Required work: The line with "Subaru Outback Premium 2025" through the last line of the entries: give these again exactly, and only these, without any pictures.

---- Given data

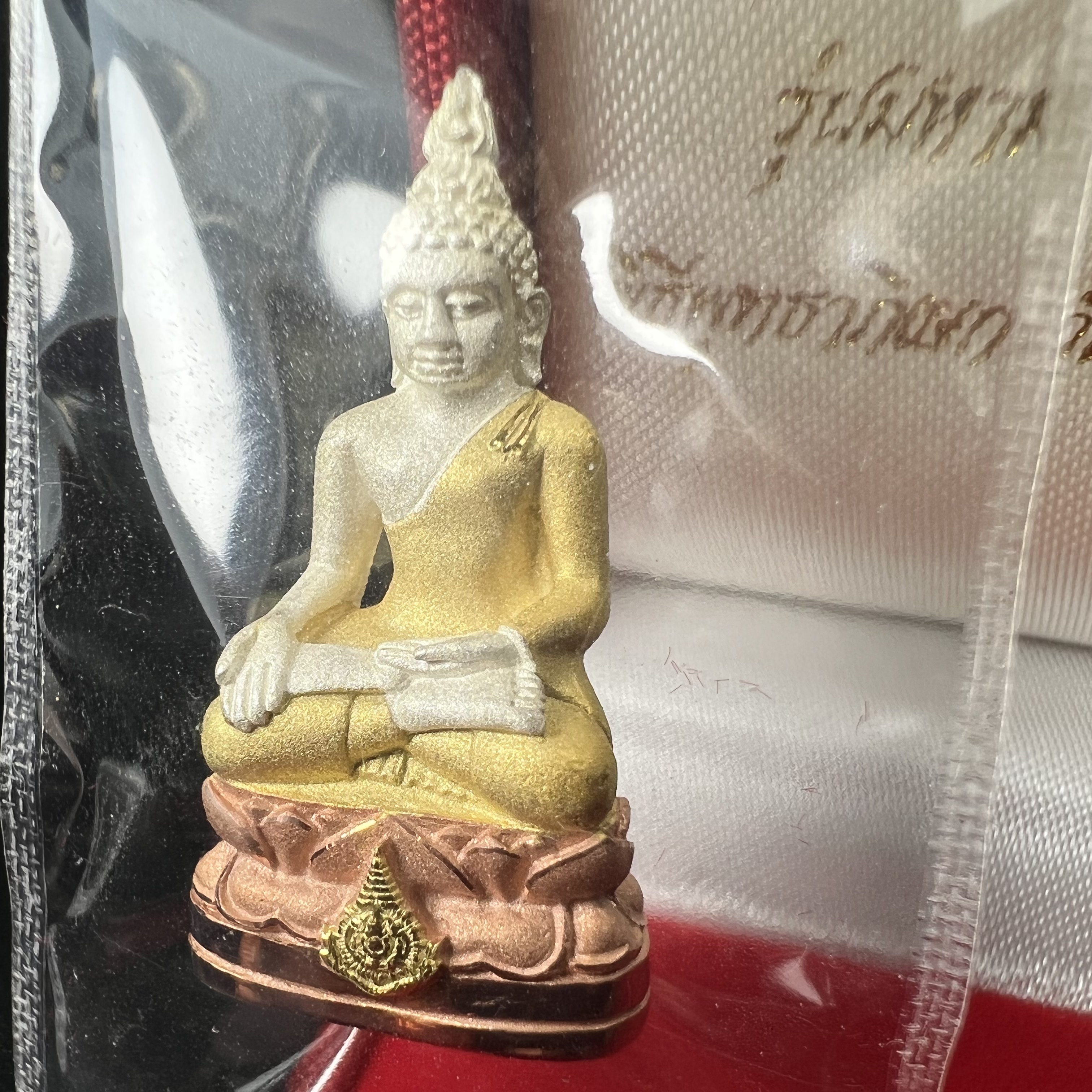 พระไพรีพินาศ รุ่นมหามงคล 72 พรรษา (6 รอบ) ในหลวงรัชกาลที่9 ปี2542 พิมพ์ใหญ่ เนื้อเงินบริสุทธิ์ 99.9% ชุบสามกษัตริย์แบบพ่นทรายขัดเงาบางส่วน(สภาพสวยซีนซองเดิมกล่องบรรจุเดิมครบสมบูรณ์)1 ใน 1500 องค์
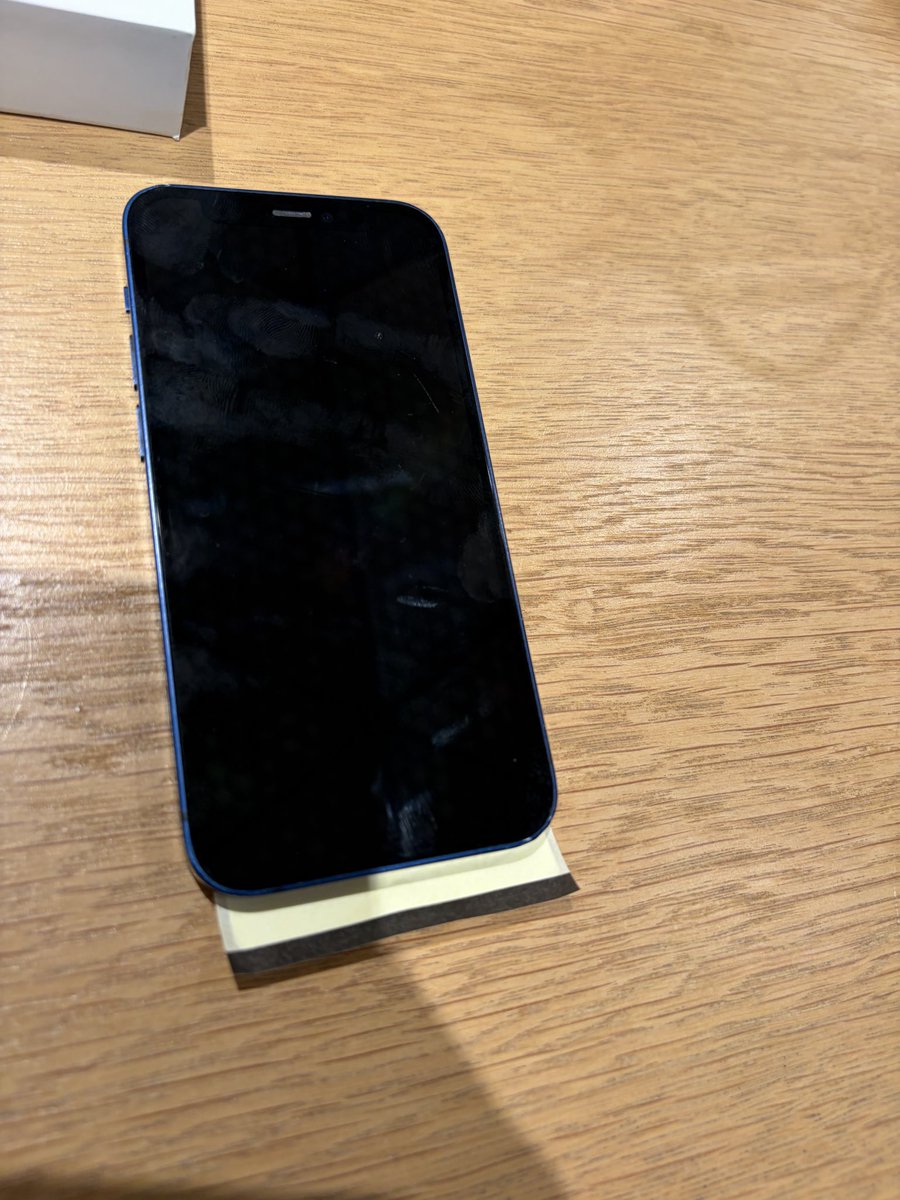 Priyanka1091's tweet photo. Retiring the #iPhone12Mini after 5 years. Survived the Reel craze, but defeated by my relentless doomscrolling &amp; a crying battery. Pour one out for small phones. Hello, AI era! 🚀📱 https://t.co/zCYxvKOrgf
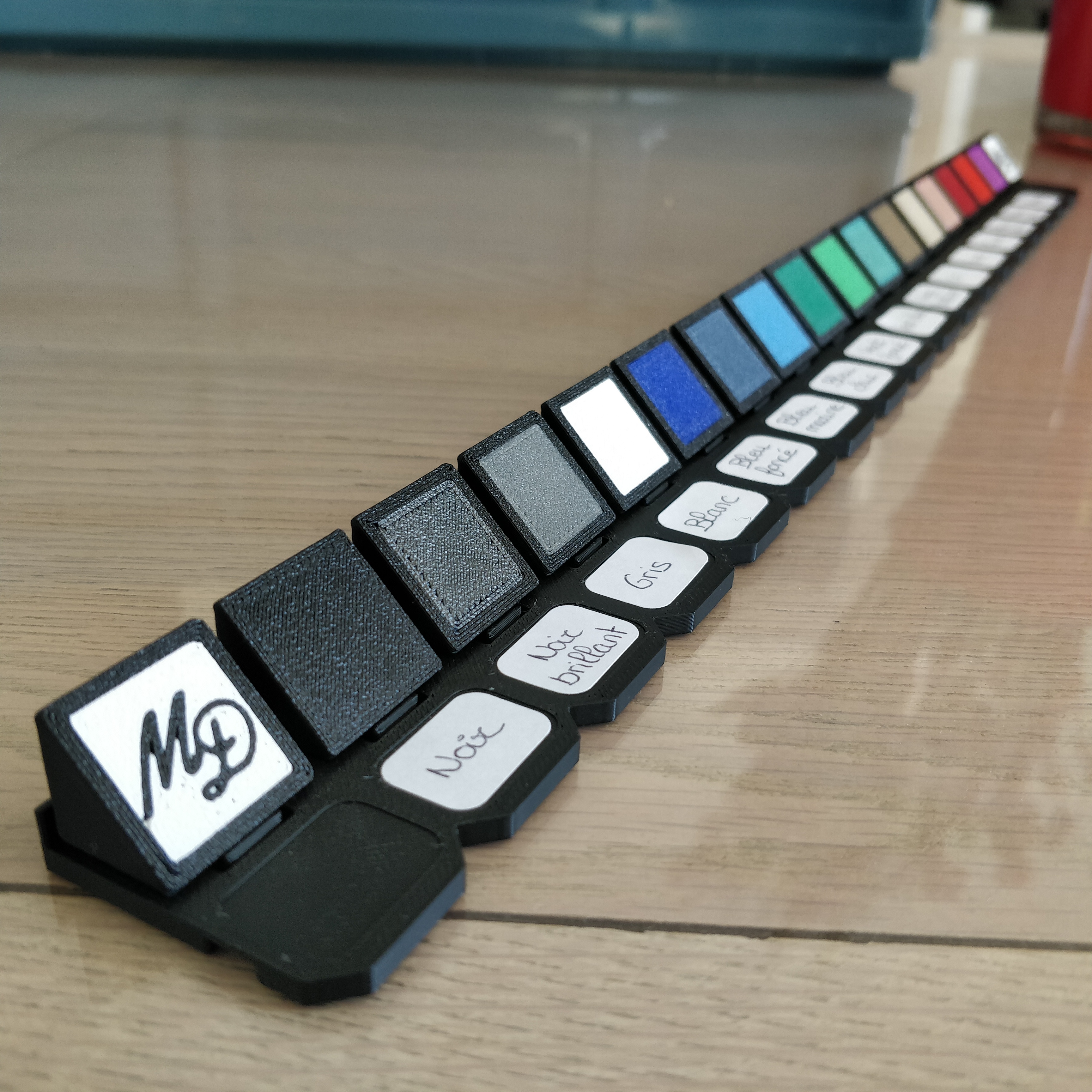 Palette d'échantillons de couleur de filament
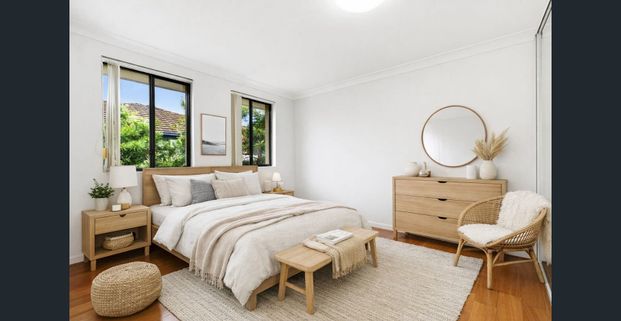 Spacious & Stylish Townhouse In Convenient Location - Photo 1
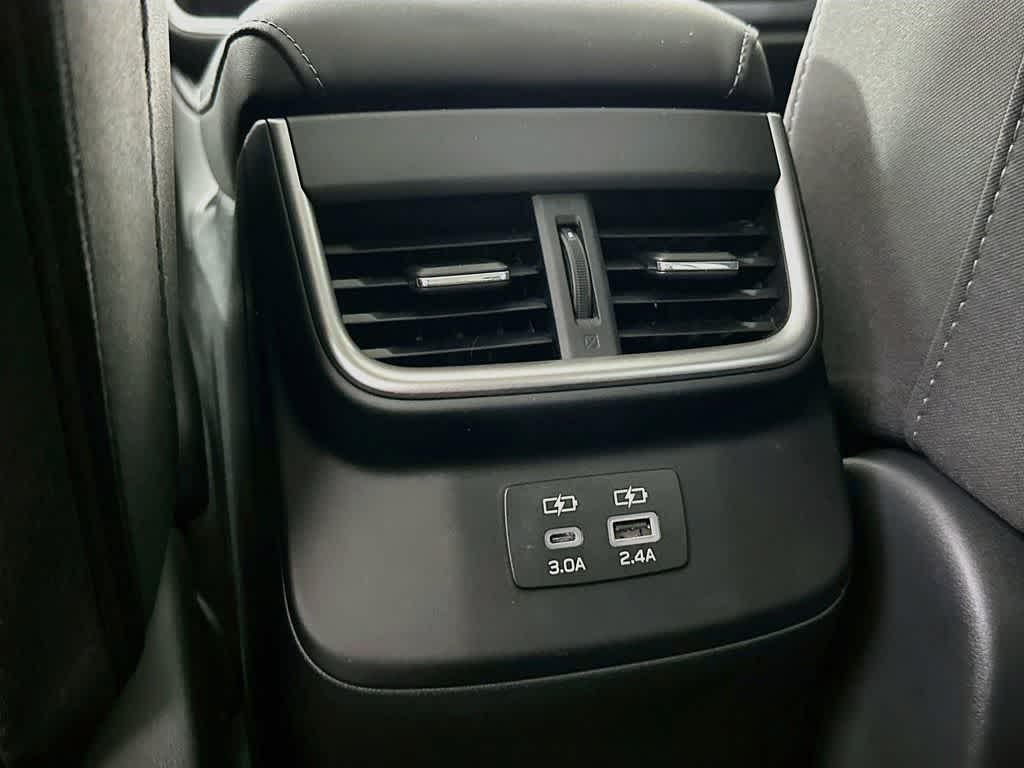 Subaru Outback Premium 2025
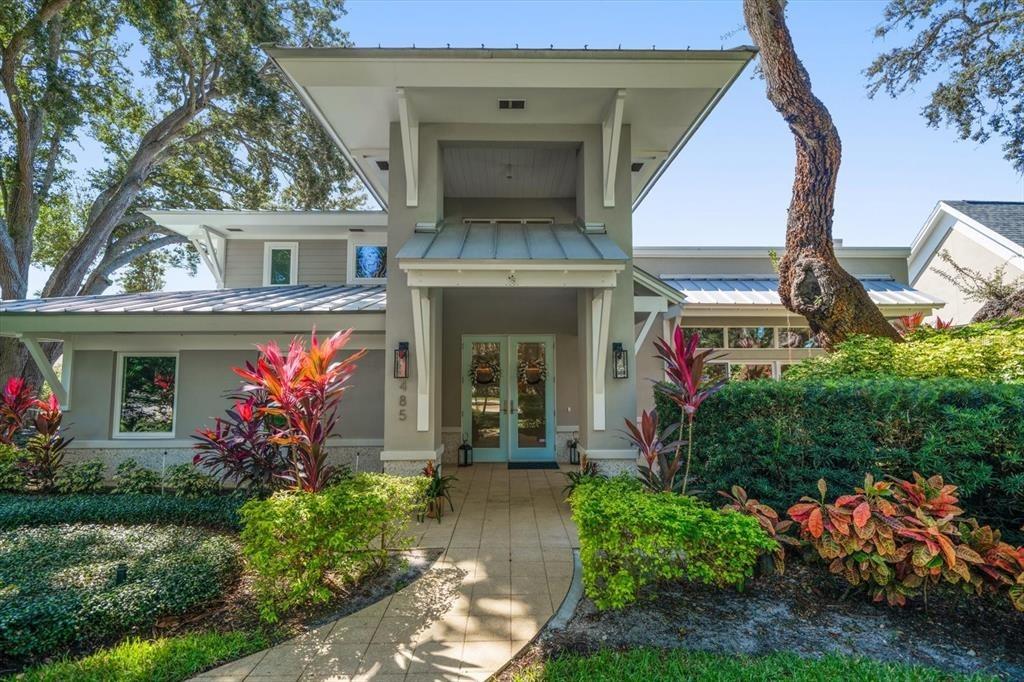 Park Ave, Belleair, FL 33756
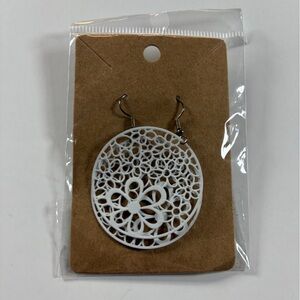 White Filigree Round Dangle Earrings Lightweight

--------

Answer to the exercise:
 Subaru Outback Premium 2025
 Park Ave, Belleair, FL 33756
 White Filigree Round Dangle Earrings Lightweight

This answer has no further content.